We would consider the project successful if, after publication of the new documentation at least three of the following hold:
- The number of new feature pull requests increases by 10%
- The number of pull requests from new contributors increases by 15%
- The number of contributors who have made >2 contributions increases by 5% (beginning the quarter after the documentation is published)
- The standard metrics increased by 10% on average
- The number of forks and stars in our repository increased by 10%
Project budget
Budget item | Amount | Running Total | Notes/justifications |
---|---|---|---|
Technical writer audit, update, test, and publish reference documentation of GeomScale project | 13000.00 | 13000.00 | |
Volunteer stipends | 500 | 14500.00 | 3 volunteer stipends x 500 each |
TOTAL | 14500.00 |
Additional information
Previous experience with technical writers or documentation:
GeomScale has succeffully participated in GSoD 2022 where volesti’s documentation website was built (using doxygen, Sphynx and ReadTheDocs tech stack) and a basic reference documentation was written!
Apart from GSoD participation, members of GeomScale have experience in developing and reviewing documentation.
For example in developing and mentoring documentation development
for R
CRAN package volesti.
The review process used was similar to a coding review.

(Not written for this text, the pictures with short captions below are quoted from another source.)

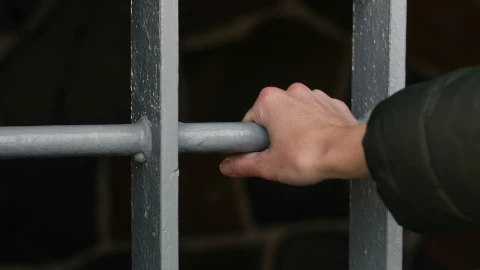 Por el homicidio en Tahdziú, fueron vinculados tres a proceso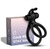 ANILLO VIBRADOR STAY
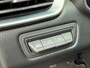 Renault Clio 1.0 TCe Intens| CAMERA| CARPLAY| NAP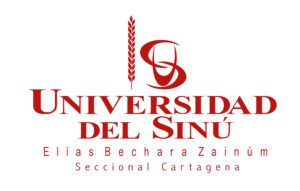 Universidad del Sinú – Elías Bechara Zainúm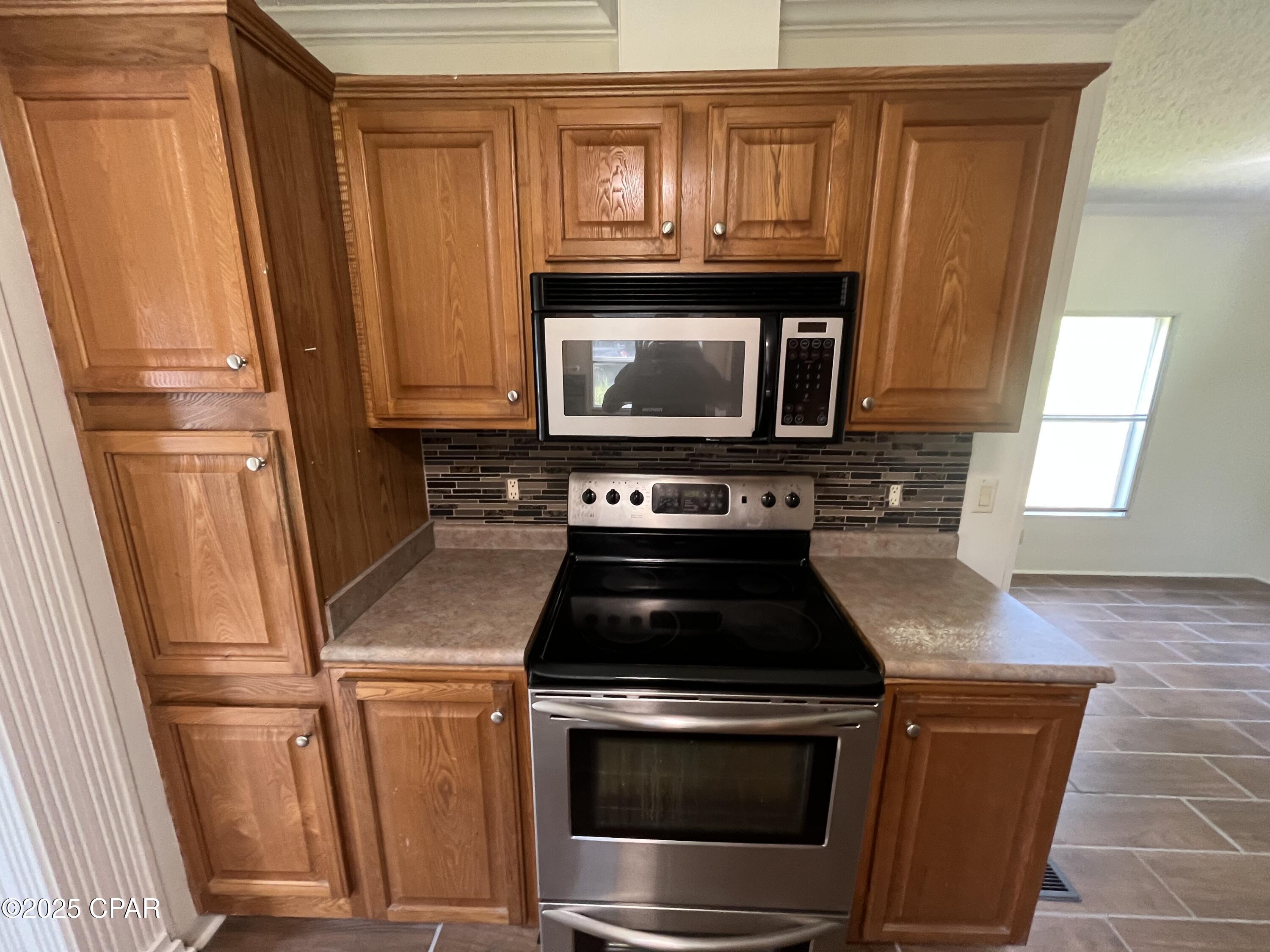 Image 12 For 3731 Bull Run Lane Lane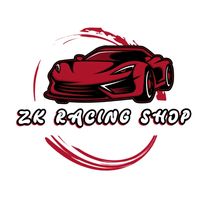 zk.racingshop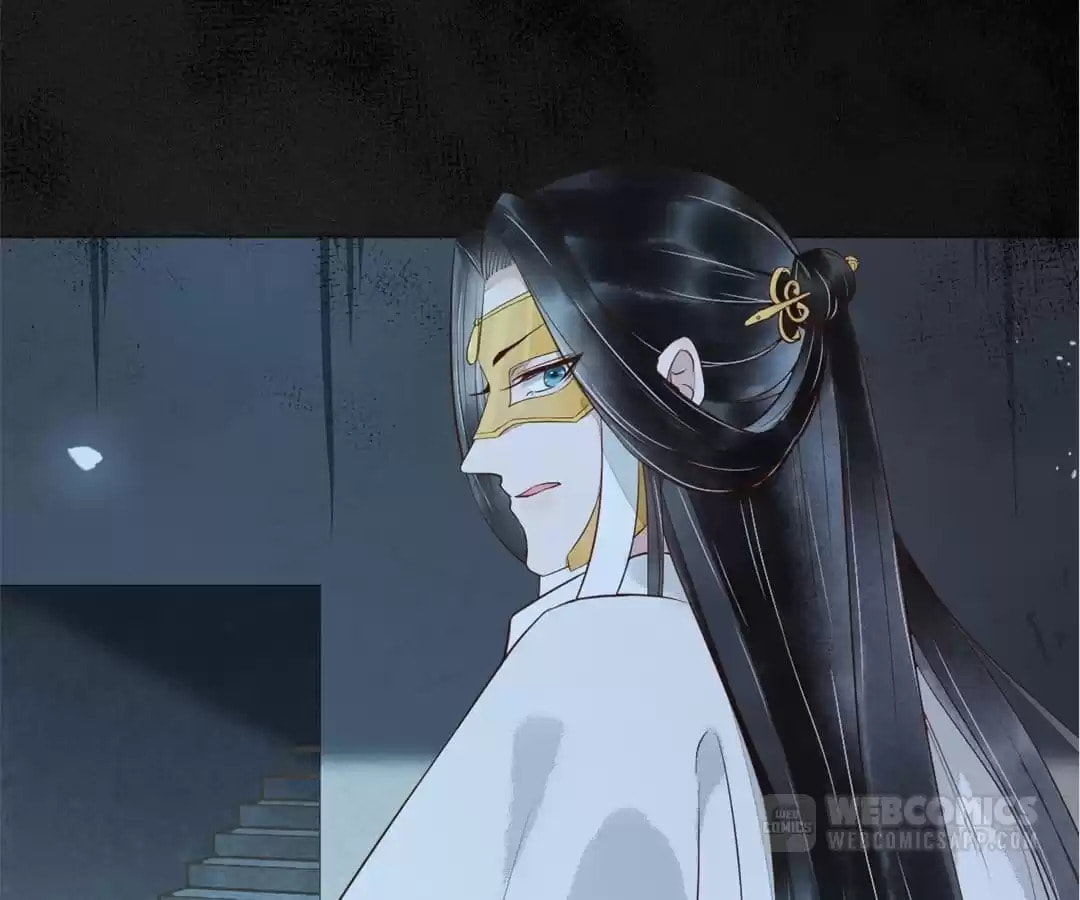 Read My Assassin Consort chapter 20 image 20 on Lezhin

Examples of documentation
review process in GeomScale are available from
github.
In addition to this we usually employ a last step of iterating the final draft
of documentation to our peers and users for feedback.
Our previous experience with documentation development gives us confidence to apply best practices and well established review processes and tools to the potential GSoD projects. For example, the GSoD project development will take part in github by opening issues for discussion and pull requests (with a documentation tab) to submit/review the technical writer’s contributions.
Previous participation in Season of Docs, Google Summer of Code or others:
All the members of GeomScale have previously participated in Google Summer of
Code as mentors or/and as students. Our members have mentored 7 GSoC coding
projects under R
-project and Boost C++
libraries organizations (2017-2019).
The main software package of GeomScale has been substantially enhanced through
3 GSoC projects under the mentoring of two of GeomScale’s members, while one
student of those projects (Apostolos Chalkis) became a GeomScale member and
GSoC mentor and admin.
The last four years (2020-2023) GeomScale has been selected as a mentoring organization for GSoC. In 2021 we have successfully mentored 6 projects resulting in >9 pull requests 6 of which are merged into our repositories development branch.
We strongly believe that this experience will play a crucial role for successful GSoD projects. In particular, we have experience in communicating with persons of diverged educational and cultural background and focused to give the right tips and guidance for successful projects. Moreover, we are capable of fixing detailed and realistic time schedules based on the technical writer’s profile and potential.